Victorian age (1837-1901)
The novel and the age
The Victorian Age is so called after the name of Queen Victoria, who was the one who rules the UK of Britain and Ireland for more than 60 years. The era covers the period that runs from 1837 (the year of Victoria’s birth) to 1901 (the year of Victoria’s death). Some critics believe this age should start in 1832, since it was in this year of the Reform Act. This period was marked by some dramatic changes that brought Britain’s to its highest growth; during these years Britain became the largest empire that has ever existed.
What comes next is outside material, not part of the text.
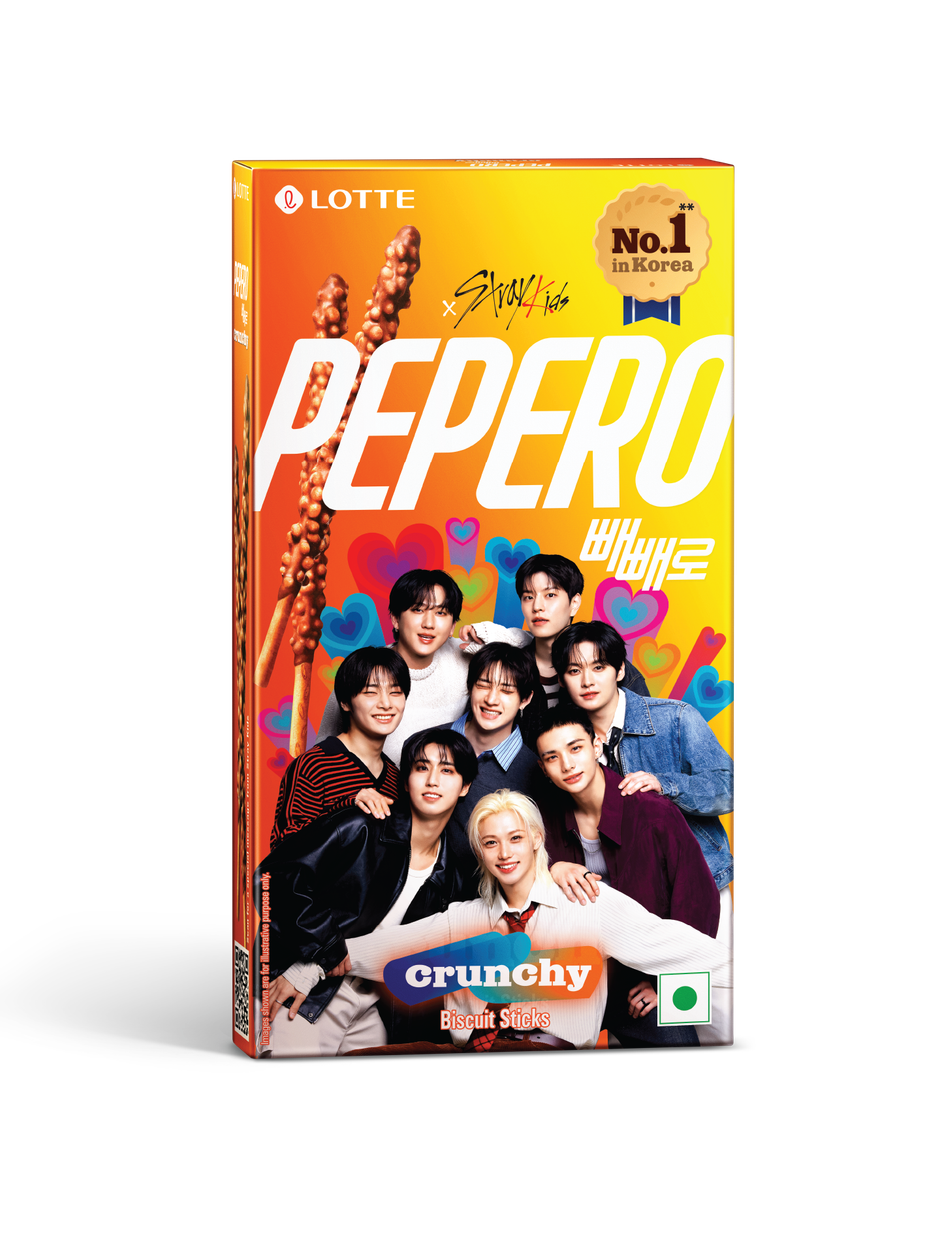 Lotte Pepero - Crunchy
This period led some dramatic changes in politics, society, religion, etc. The period was marked by the transition from a way of life based on the ownership of land to a modern urban economy. The rapid growth of industrial cities was the result of industrialisation (which is, then, quite linked to urbanisation). However, the grandiose industrial growth was accompanied by labouring and living conditions which were often nothing short of horrendous: that’s why there will be the emergence of a powerful and extensive working-class movement, Chartism, protesting against the injustices of the industrial system and demanding a radical reform of Parliament. Their petitions were also ignored. However, social reforms were pressed for by the Trade Unions, which were legally recognised by the 1871 Trade Union Act and which were to give birth in 1893 to the Labour Party. This is also the period of the Education Act and of the Reform Bills (1832, 1867, 1884).
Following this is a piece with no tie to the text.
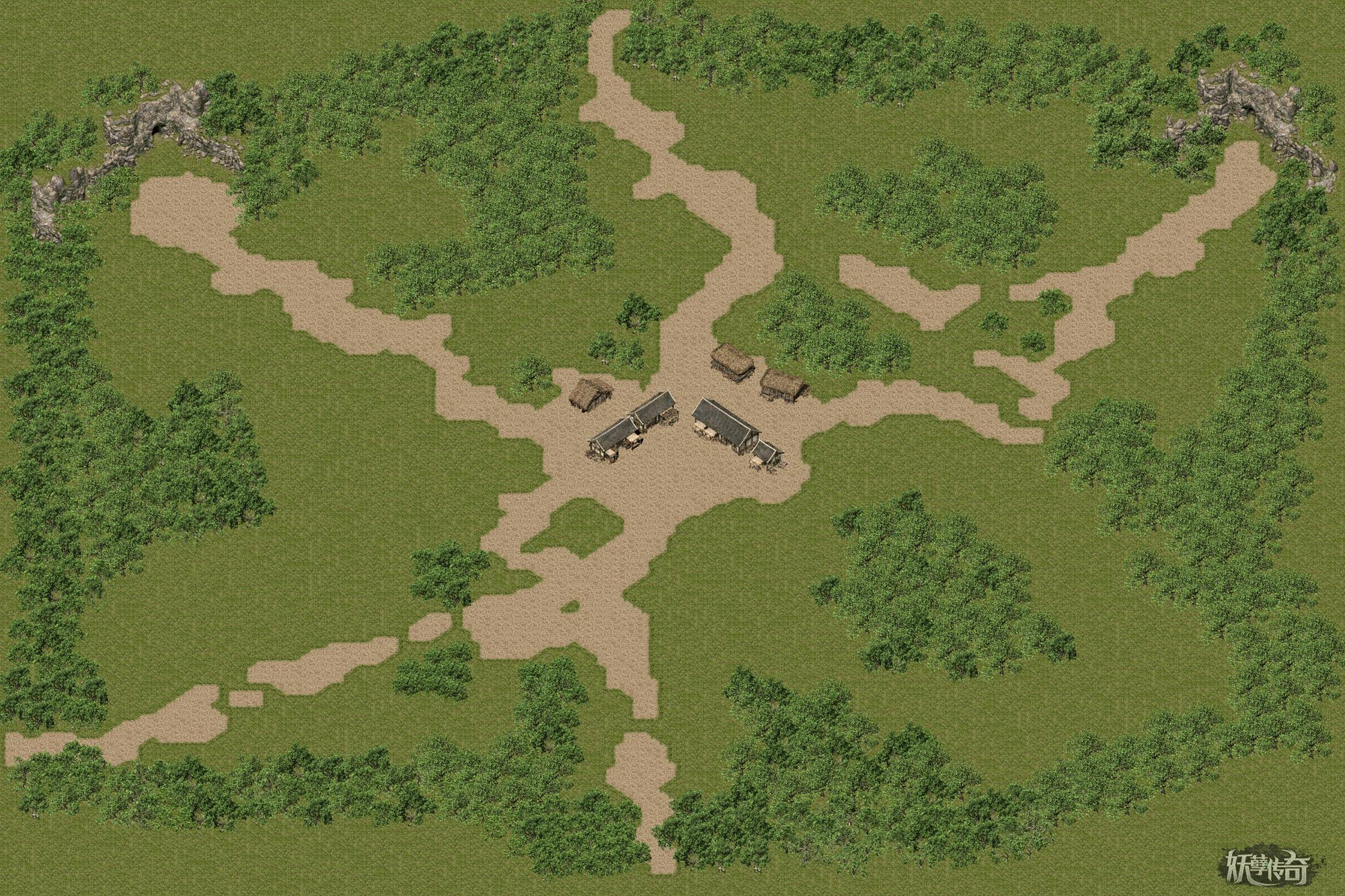 韩国传奇3地图-10张地图-第二弹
It is also important to say that the Victorian bourgeois society relegated women to the role of ‘angels of the hearth’ and promoted a bigot idea of decorum which excluded any reference whatsoever to sexuality. The other face of this moralism is illustrated by the massive increase in the number of prostitutes.
Victoria’s reign, finally, coincides with the phase of maximum colonial expansion: after the acquisition of almost all the Indian sub-continent, the Empire expanded into Afghanistan and the South China Sea, Sudan and part of East Africa, South Africa (1902). The independence movement led by Daniel O’Connell had acquired political rights for the Catholic population when the great famine of 1845-46 led to the death from starvation of millions of Irish people and the massive migration to the British mainland or to the USA. Ireland was to remain a colony until 1921.
Victorian age was a period of rapid transformation and profound change. There can’t be simple labels for a reign that begins with bishops in cauliflower wigs and end with people driving motor cars. The only key to this period of unprecedented change, is change itself.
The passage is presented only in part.